Draft Cannabis Regulations (2025): What They Mean & Why Your Voice Matters

Draft Cannabis Regulations (2025):
When the Maths Doesn’t Math (and Why Your Voice Matters) 🌿

South Africa’s draft cannabis regulations were published in February 2026, and they’re open for public comment until 5 March 2026.

At first glance, they look neat and orderly.
Numbers. Limits. Rules.

But once you apply them to real humans, real gardens, and real learning curves, things start to unravel — gently, awkwardly, and a little absurdly.

Let’s talk about it.

🌿 The 80/20 Summary (Read This First)

What’s happening: New draft regulations set limits on how much cannabis adults may possess, grow, and transport.

Why it matters: The rules affect everyday privacy, personal cultivation, and how safely people can participate in something that is now legal.
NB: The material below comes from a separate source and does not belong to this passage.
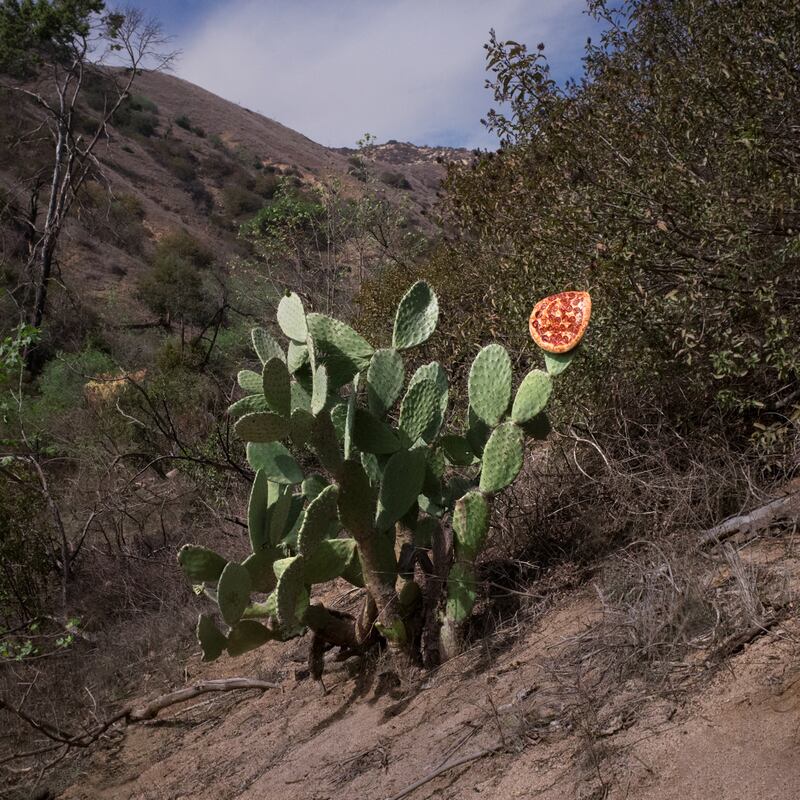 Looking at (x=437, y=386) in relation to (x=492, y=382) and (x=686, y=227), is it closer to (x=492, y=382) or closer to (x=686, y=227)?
(x=492, y=382)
The problem: The numbers assume every cannabis plant behaves the same. They don’t.

The opportunity: Public comment is open — and common-sense feedback is not only allowed, it’s needed.

📩 MMokulubete@justice.gov.za

🗓️ Comments close 5 March 2026

 

 

What Are the Draft Cannabis Regulations?

These regulations sit under the Cannabis for Private Purposes Act, 2024, which exists to give effect to the Constitutional Court ruling that private cannabis use falls under the right to privacy.
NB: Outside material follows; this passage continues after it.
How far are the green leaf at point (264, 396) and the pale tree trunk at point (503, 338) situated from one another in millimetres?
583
The draft regulations aim to clarify:
• How much cannabis adults may possess
• How many plants may be grown at home
• How cannabis may be transported
• How old cannabis convictions may be expunged

On paper, this sounds reasonable.

In practice… well, let’s look closer.

The Numbers Problem (a.k.a. Plant Counting)

According to the draft regulations:
• Adults may grow up to 5 cannabis plants
• Adults may possess up to 750g of cannabis

Sounds fine — until you ask one simple question:

How much does a cannabis plant actually yield?
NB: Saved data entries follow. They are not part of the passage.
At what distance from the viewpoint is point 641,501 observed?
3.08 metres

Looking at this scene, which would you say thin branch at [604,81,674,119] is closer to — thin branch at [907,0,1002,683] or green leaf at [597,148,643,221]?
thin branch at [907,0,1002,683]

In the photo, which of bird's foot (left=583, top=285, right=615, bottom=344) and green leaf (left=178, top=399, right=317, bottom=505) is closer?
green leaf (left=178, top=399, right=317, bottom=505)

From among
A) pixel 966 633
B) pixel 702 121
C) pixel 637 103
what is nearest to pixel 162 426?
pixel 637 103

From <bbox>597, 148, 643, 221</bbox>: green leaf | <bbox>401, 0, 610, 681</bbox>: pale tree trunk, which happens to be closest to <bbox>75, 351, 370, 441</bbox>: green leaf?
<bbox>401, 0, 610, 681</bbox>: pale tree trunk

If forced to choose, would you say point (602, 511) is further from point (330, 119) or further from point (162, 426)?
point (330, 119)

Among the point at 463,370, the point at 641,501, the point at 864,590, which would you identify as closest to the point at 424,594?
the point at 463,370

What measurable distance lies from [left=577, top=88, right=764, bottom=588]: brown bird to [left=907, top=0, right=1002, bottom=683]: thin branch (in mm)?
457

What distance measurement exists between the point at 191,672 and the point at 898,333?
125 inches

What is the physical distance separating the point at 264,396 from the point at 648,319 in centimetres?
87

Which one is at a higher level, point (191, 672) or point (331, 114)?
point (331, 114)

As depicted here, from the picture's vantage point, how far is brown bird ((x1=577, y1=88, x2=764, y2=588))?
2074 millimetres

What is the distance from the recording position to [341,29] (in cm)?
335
Spoiler: it depends. A lot.

A new grower might get:
• 10–30g per plant
• Sometimes less
• Sometimes nothing at all

An experienced grower might get:
• 150g per plant
• 300g per plant
• Or far more, depending on conditions

Now let’s do the maths.

New grower reality:
5 plants × 30g = 150g total - Nowhere near 750g.

Experienced grower reality:
5 plants × 200g = 1,000g+ Suddenly illegal — using the same plant limit.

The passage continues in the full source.